Transport for NSW (TfNSW) has very recently launched its Open Data website providing API access to its many static and realtime data sets. This notebook demonstrates how to access the current position of all tracked buses on the Sydney network.
Some familiarity with the Python programming language and HTTP requests will be helpful.
An application is a bunch of settings that govern how you can interact with the various TfNSW APIs. For this demonstration, add a new application. Here are the basic steps.
(By now you have probably clicked something and been redirected back to the Dashboard page instead of your destination. This is happening to a lot of people at the moment (20 April) and TfNSW is working on it. All you can do is retrace your steps and try again.)
Now that your application is created, you'll need to select Edit from the Actions dropdown menu next to your application's name. Go to the Auth tab and copy down the API Key and Shared Secret.
Every API request needs to be authorised to a particular application. For our purposes, the simplest way to do this is to pass TfNSW our API key and shared secret, and have them generate a token we can use to authorise our requests.
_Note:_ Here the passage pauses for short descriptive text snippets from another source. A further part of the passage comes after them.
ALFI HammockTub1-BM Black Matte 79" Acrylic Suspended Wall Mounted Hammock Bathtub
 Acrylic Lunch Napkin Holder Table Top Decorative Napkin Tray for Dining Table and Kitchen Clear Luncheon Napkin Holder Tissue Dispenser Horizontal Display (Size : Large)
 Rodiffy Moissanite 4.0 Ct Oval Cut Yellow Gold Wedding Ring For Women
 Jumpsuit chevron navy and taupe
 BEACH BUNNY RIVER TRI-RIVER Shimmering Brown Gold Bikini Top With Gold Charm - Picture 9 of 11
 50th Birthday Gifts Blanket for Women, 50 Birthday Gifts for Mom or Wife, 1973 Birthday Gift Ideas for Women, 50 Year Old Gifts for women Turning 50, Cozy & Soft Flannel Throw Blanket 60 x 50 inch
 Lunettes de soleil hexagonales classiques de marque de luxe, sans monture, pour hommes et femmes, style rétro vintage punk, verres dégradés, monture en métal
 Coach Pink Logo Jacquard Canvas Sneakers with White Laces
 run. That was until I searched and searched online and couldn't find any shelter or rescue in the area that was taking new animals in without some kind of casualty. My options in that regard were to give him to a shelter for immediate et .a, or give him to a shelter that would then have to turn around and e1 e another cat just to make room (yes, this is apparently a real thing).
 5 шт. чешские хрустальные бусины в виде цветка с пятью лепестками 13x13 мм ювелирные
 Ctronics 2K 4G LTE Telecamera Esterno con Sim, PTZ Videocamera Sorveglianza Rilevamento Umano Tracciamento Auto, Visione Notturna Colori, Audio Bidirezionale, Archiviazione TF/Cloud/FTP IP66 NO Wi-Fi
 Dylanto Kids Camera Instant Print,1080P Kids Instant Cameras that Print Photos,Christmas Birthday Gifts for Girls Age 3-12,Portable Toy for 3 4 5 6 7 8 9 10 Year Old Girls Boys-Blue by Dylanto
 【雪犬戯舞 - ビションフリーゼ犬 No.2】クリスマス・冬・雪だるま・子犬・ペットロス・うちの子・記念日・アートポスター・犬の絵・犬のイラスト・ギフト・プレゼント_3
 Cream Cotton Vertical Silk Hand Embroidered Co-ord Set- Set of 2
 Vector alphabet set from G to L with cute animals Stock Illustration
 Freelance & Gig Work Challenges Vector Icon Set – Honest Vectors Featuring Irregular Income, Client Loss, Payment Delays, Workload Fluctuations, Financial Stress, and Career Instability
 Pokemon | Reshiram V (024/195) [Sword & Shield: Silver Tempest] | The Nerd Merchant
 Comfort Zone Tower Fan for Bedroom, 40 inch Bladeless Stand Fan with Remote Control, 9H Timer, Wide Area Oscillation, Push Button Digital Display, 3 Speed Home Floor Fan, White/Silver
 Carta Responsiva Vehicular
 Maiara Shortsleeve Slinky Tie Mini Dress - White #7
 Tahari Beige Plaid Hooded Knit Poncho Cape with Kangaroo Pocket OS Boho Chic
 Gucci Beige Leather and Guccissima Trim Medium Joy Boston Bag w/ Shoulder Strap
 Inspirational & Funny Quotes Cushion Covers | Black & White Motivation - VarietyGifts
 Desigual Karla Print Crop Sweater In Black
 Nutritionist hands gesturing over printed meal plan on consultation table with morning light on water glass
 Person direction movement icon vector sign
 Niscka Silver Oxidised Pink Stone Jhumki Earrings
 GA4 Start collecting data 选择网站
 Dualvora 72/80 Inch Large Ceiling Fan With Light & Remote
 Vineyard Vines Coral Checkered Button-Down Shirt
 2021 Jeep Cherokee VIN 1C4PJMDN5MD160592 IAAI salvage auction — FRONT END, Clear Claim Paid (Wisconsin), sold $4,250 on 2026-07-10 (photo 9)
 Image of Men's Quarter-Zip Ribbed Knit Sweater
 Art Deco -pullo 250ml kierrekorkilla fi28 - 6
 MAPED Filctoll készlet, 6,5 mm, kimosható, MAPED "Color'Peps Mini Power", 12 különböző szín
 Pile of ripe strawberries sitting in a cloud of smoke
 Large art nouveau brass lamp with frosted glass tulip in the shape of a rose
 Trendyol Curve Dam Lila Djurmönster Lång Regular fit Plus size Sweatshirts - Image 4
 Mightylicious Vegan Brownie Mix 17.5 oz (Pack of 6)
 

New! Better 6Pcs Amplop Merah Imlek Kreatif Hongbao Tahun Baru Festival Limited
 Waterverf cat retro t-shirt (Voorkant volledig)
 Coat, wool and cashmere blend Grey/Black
As detailed on the API basics page, we can get a bearer token back in response to a POST request like:
https://apikey:sharedsecret@api.transport.nsw.gov.au/auth/oauth/v2/token?grant_type=client_credentials&scope=user
We'll use Python's Requests for this:
import requests
# Replace with your own information:
api_key = '17xx11111112222222333333344444455555'
shared_secret = 'a1b2c3d4e5f6b9999988877766655544'
# Leave these:
payload = 'grant_type=client_credentials&scope=user'
auth_url = 'api.transport.nsw.gov.au/auth/oauth/v2/token'
# Send a POST request to get the token back:
token_response = requests.post(('https://{}:{}@{}').format(api_key, shared_secret, auth_url), params=payload)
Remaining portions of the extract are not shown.